You've shown tremendous dedication to the sport, taking tough fights despite few of the rewards most women who get in the pro ring think they're looking for ... like winning records, becoming well known outside the sport, and so on. So just what is it that keeps Dee Hamaguchi climbing through those ropes now?

Dee H:

My sheer stubborn-ness!!

Seriously, I see Dee Hamaguchi as a world champion at 100 or 102 lbs. I won USA Judo Nationals (there's only one national championship for judo) at 45 kg (100 lbs) so that is an ideal fighting weight for me. I am still learning in the gym and the ring is the real testing ground for executing new moves. I would like to fight 10-rounders (or twelve if they would allow it!), because I think going that distance is the true measure of a fighter. My record is so far gone that I don't sweat it. Fortunately, some of the organizations take into account WHO we've fought, not just our records, so I do OK in the rankings. I'm just looking for the next fight.
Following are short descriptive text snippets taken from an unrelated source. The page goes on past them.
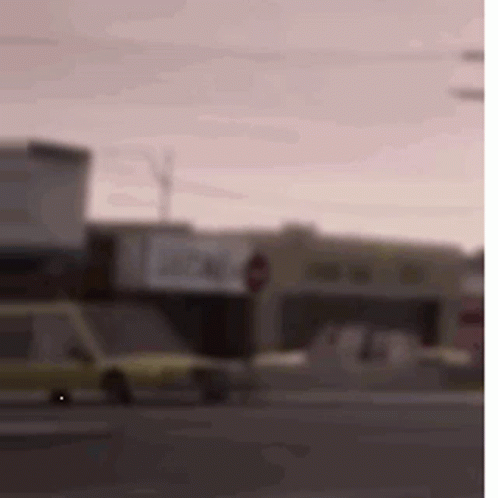 2ccbe651012fe76e3b654d380b06d752.gif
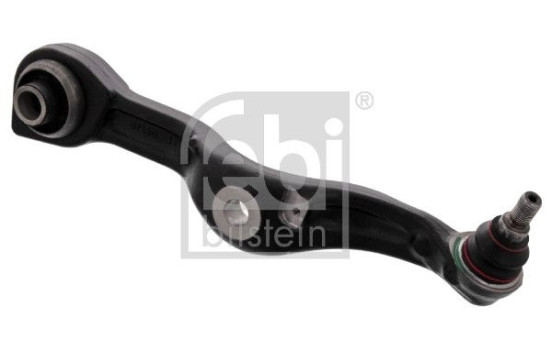 Suspension arm Set, Image 3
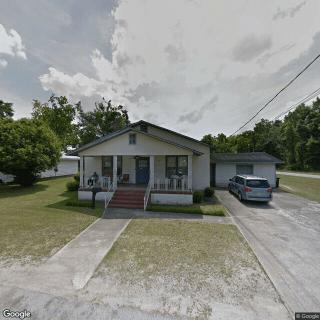Savannah Square Care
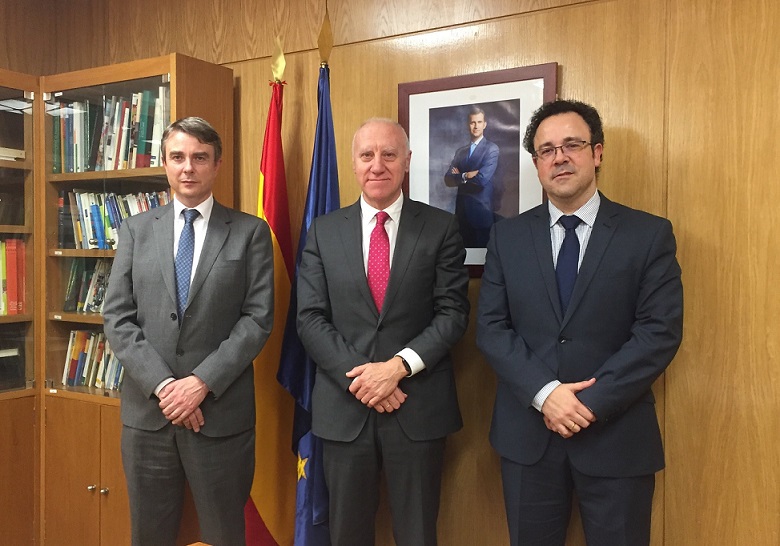 Autismo España presenta sus demandas prioritarias para las personas con TEA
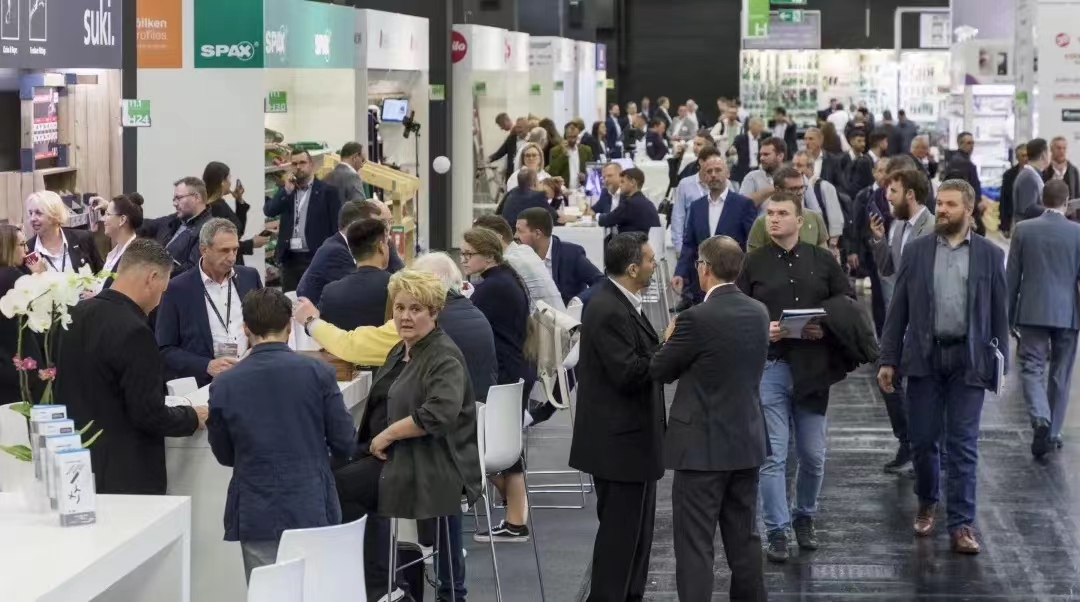 微信图片_20221103135234.jpg 微信图片_20221103135234.jpg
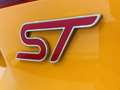 Ford Focus 2.3 Ecoboost ST 3 Orange - thumbnail 12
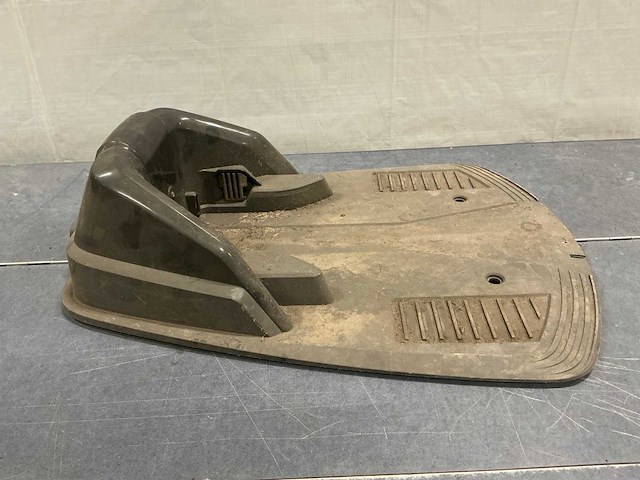 Al-ko r40li robotmaaier - afbeelding 2 van  9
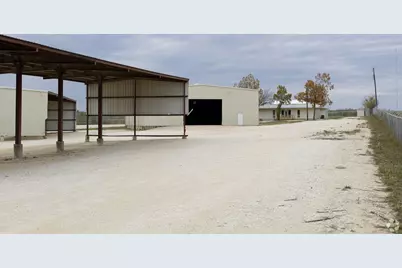 2270 S Loop 4, Buda, TX 78610 - Photo 3
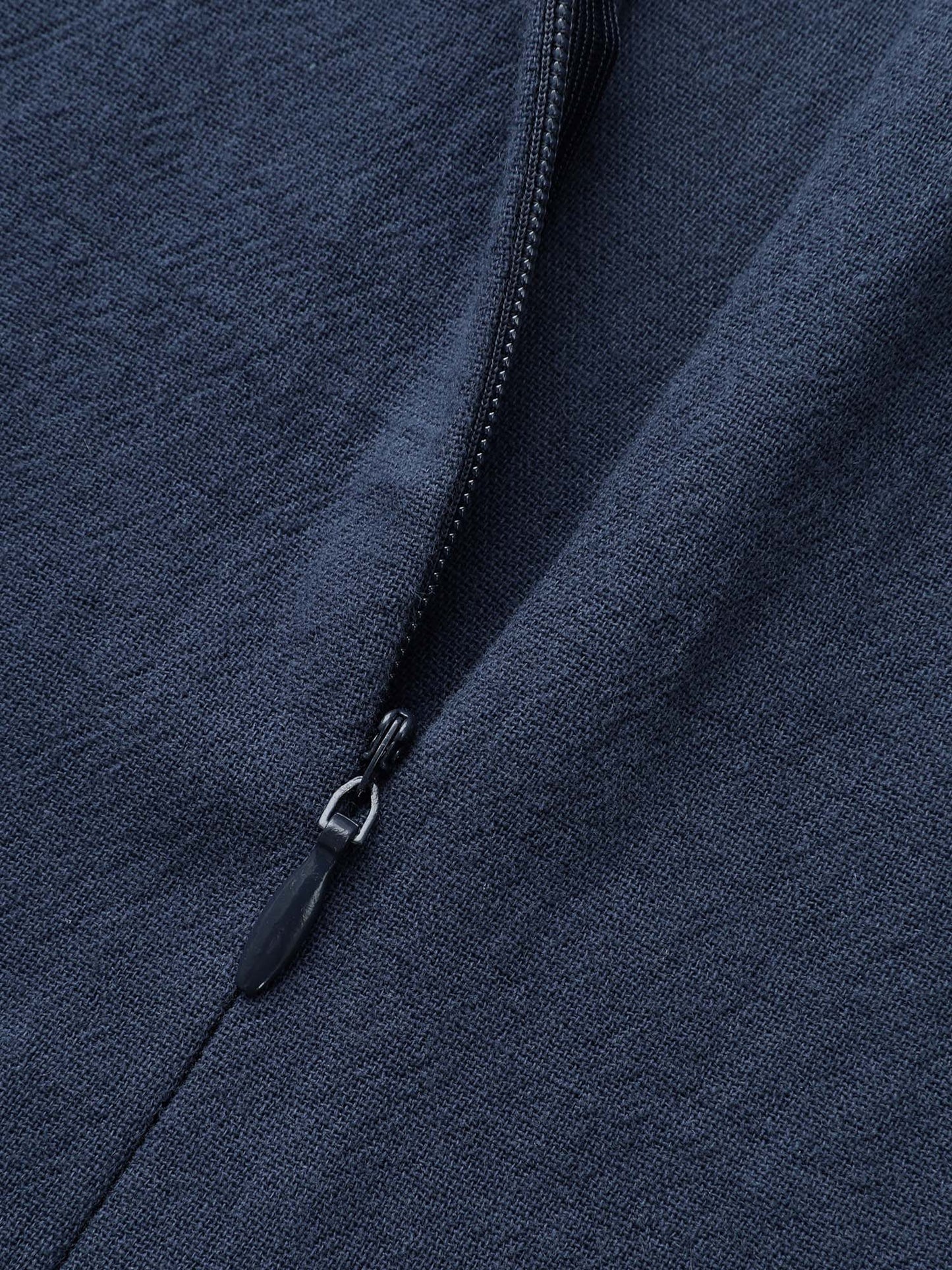 53a018b7-97be-43b3-9a74-071f5e47b50e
Being well known outside the sport. . . well, I feel I have the respect of my peers and all of the decent sincere people involved in boxing. "Dee Hamaguchi" may never be a household name, but I've been around the New York boxing scene since 1993, and have worked out at a lot of gyms, some that no longer exist (the late Connie Bryant's gym on 125th Street, the Rosarios' gym on 112th Street, the Queen's PAL by Shea stadium, Marciano's gym in NJ, and Blue Velvet on 24th st.)

Any gym I step in, it's about the workout, not trying to attract attention, so I think the New York boxing community sees Dee Hamaguchi as a disciplined, serious boxer.

Dee W:

You had early success in judo, and you've fought as an amateur and a pro boxer. What level of which sport brought the best experiences for you personally, and why?

Dee H:

I started judo over 30 years ago, and it feels like I've lived several lifetimes through that martial art. Judo saw me through childhood, adolescence and young adulthood and gave me the opportunity to travel throughout Canada and the USA, and to train and compete in Europe and South America.
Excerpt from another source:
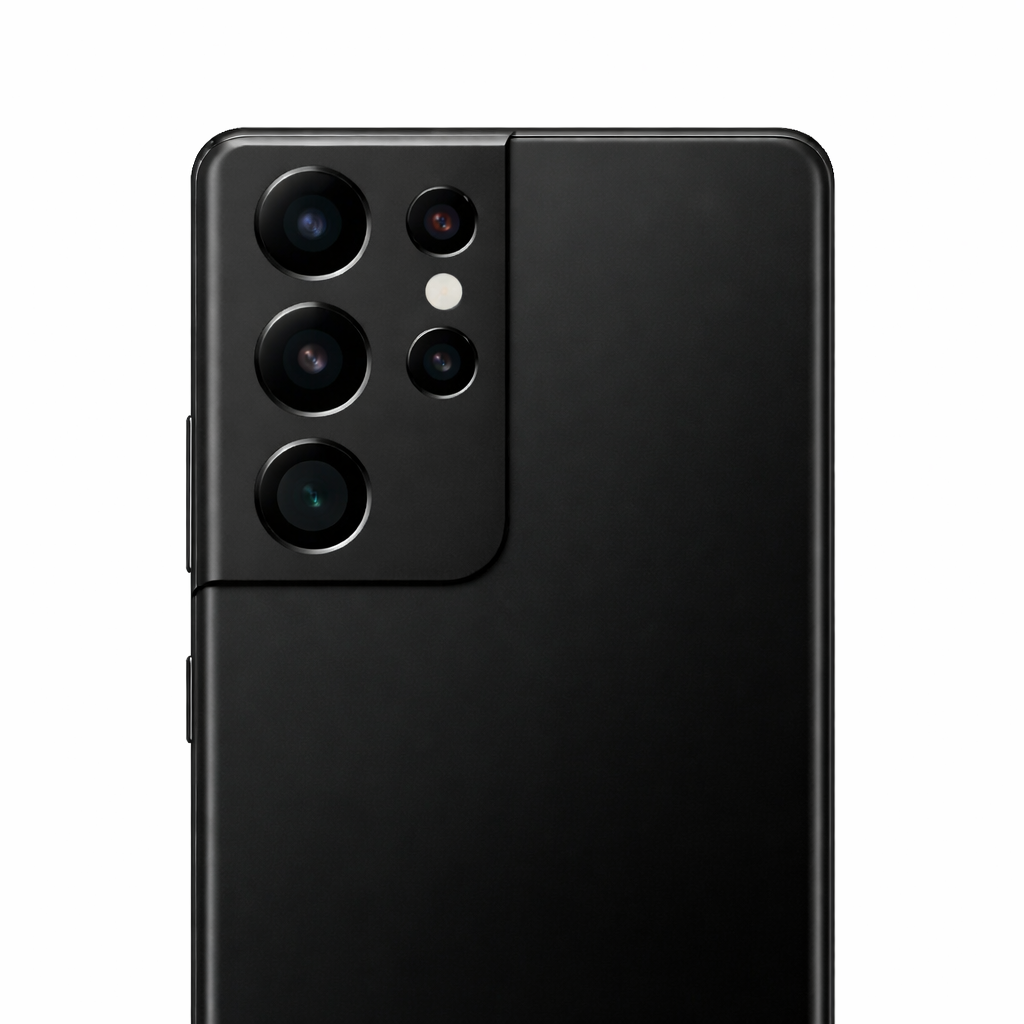 Samsung Galaxy S21 Ultra szerviz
For several decades, judo was my passion and obsession. I believe it helped me get into Yale, because my personal essay was about judo.

My fondest memories are laughing at the jokes and antics of the same team-mates who'd lend a shoulder to cry on when times got tough. Working out at the national training center in France (INSEP) was awesome, eye-opening, and mind-blowing, not to mention balls-to-the-walls kick-ass tough. Judo is so popular in France, and they have terrific developmental and elite programs.
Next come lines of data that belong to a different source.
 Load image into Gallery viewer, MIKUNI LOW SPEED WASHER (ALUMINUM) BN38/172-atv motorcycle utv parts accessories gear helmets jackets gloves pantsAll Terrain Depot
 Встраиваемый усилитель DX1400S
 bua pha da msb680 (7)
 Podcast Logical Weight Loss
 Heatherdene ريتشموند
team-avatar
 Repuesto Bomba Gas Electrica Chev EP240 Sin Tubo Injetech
For years, my goal was to become Canadian national judo champion at 48 kg, but instead, I became a US citizen in 1997, and won US nationals at 45 kg in 1998. I was very happy with my performance that day and won three matches decisively (like a 'KO') to get to the top of the podium.

As far as boxing goes, I'm proud of getting women into the 1995 New York Golden Gloves. It was an idea who's time had come, and I was there to play a role.

My most rewarding experience as a pro boxer is yet to come ... stay tuned!

Dee W:

If it's not too aggravating, it's always good for experienced boxers like yourself to tell newcomers to the ring what to expect along their way ... so ... same question but the worst experiences?

Dee H:

I've been subjected to the personal politics and whims that runs amateur sport, and had been absolutely devastated several times as a competitive judo athlete. I had the rug pulled out from underneath me on more than one occasion by the governing bodies. "Keep training," were the simple words of advice from one of the best instructors I know, and in retrospect, that was true wisdom. I guess I'd been through such emotional lows in judo, that I don't get thrown off by the disappointments boxing has brought.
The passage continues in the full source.